The scheme hopes to incentivise companies to invest in researching and developing new antibiotics in the face of growing antibiotic resistance. It will see pharmaceutical companies paid upfront for their products, based on the value it provides to the NHS rather than how much is used.
The scheme was first announced in July 2019,1 but officially launched 17 June 2020 after nearly a year of set up, in which the Department of Health and Social Care worked closely with the National Institute for Health and Care Excellence (NICE) and NHS England. Suppliers can now register their interest on NHS England’s eTendering service.
According to the launch announcement, two antibiotics that are proven to be safe and effective will be selected to undergo a NICE health technology assessment throughout 2021, using adapted methods for antimicrobials.
The government has said it is particularly interested in antibiotics that can provide alternative treatment options for serious infections, such as bloodstream infections, sepsis, and hospital acquired pneumonia.

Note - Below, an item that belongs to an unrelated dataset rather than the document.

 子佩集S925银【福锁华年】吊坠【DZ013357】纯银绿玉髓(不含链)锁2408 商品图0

NICE chief executive Gill Leng said, “Alongside the threat of coronavirus is the increasing risk posed by antimicrobial resistance, exacerbated by a sparse antimicrobial development pipeline. That is why we need to incentivise investment in innovative antimicrobial drug development as soon as possible.”

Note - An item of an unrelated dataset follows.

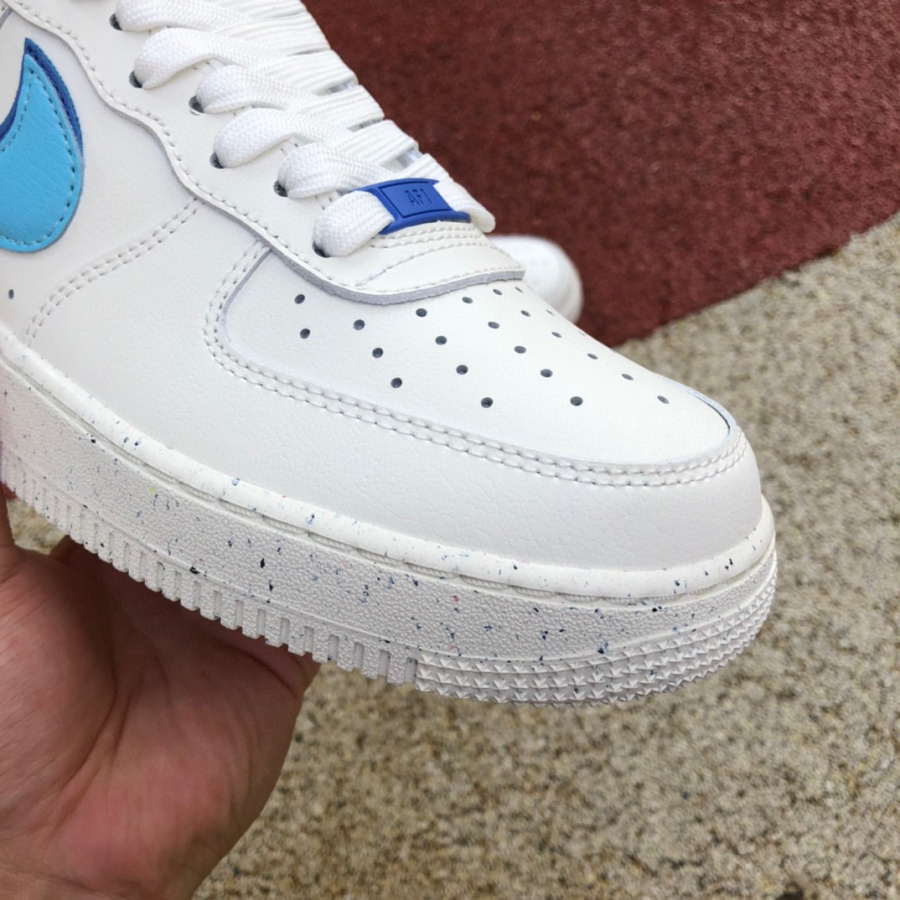 Nike Air Force 1’07 LV8 EMB „82 Weiß Blau“ Sneaker DQ0359-100 - EUR FASHION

“We hope that this project will inspire healthcare systems across the world to consider adopting similar models so that, collectively, we deliver meaningful incentives that reinvigorate the global antimicrobial pipeline.”

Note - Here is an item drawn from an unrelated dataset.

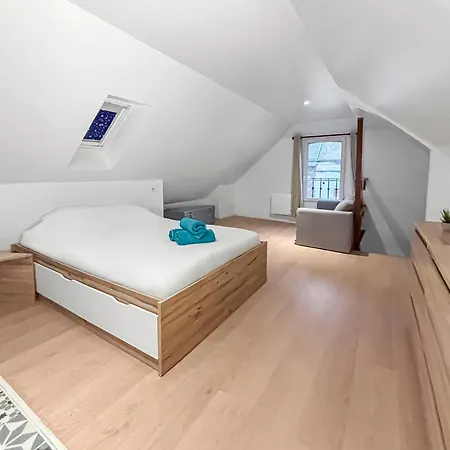 évasion Détente Avec Jacuzzi Sauna&billard Hébergement de vacances Saint-Quentin (Aisne)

Jayasree Iyer, executive director of the Access to Medicine Foundation, an independent non-profit organisation, told The BMJ that for the scheme to work, the government needs to be “ambitious.”
She said, “As a society, we need to replace many antibiotics to tackle drug resistance. Several innovators, such as biotech companies, have gone bankrupt because of the lack of financing and a viable market. I’m optimistic that this scheme can stimulate more biotechs to engage in developing antibiotics and guarantee that these reach patients. The scheme has the potential to make a big impact, but it must be ambitious—to include more antibiotics, to benefit many more people globally, and fast.”
The Access to Medicine Foundation produces the Antimicrobial Resistance Benchmark report, which in 2020 reported that while some improvements are being made, the change is not happening at the scale needed to radically impact the threat from drug resistance.2
Meanwhile, others have said wider system changes are needed to achieve long term change.
In a statement, Richard Stabler and Rebecca Glover from the Antimicrobial Resistance Centre at the London School of Hygiene and Tropical Medicine, told The BMJ, “We welcome the government’s continued commitment to tackling antimicrobial resistance, however one or two new antibiotics are not a long term solution.
“For meaningful reductions in antimicrobial resistance rates in the UK to be achieved and sustained, structural solutions such as strengthening health systems, reducing poverty, improving sick pay and workers’ rights, and improving access to clean water and sanitation need to be adequately funded both at home and abroad.”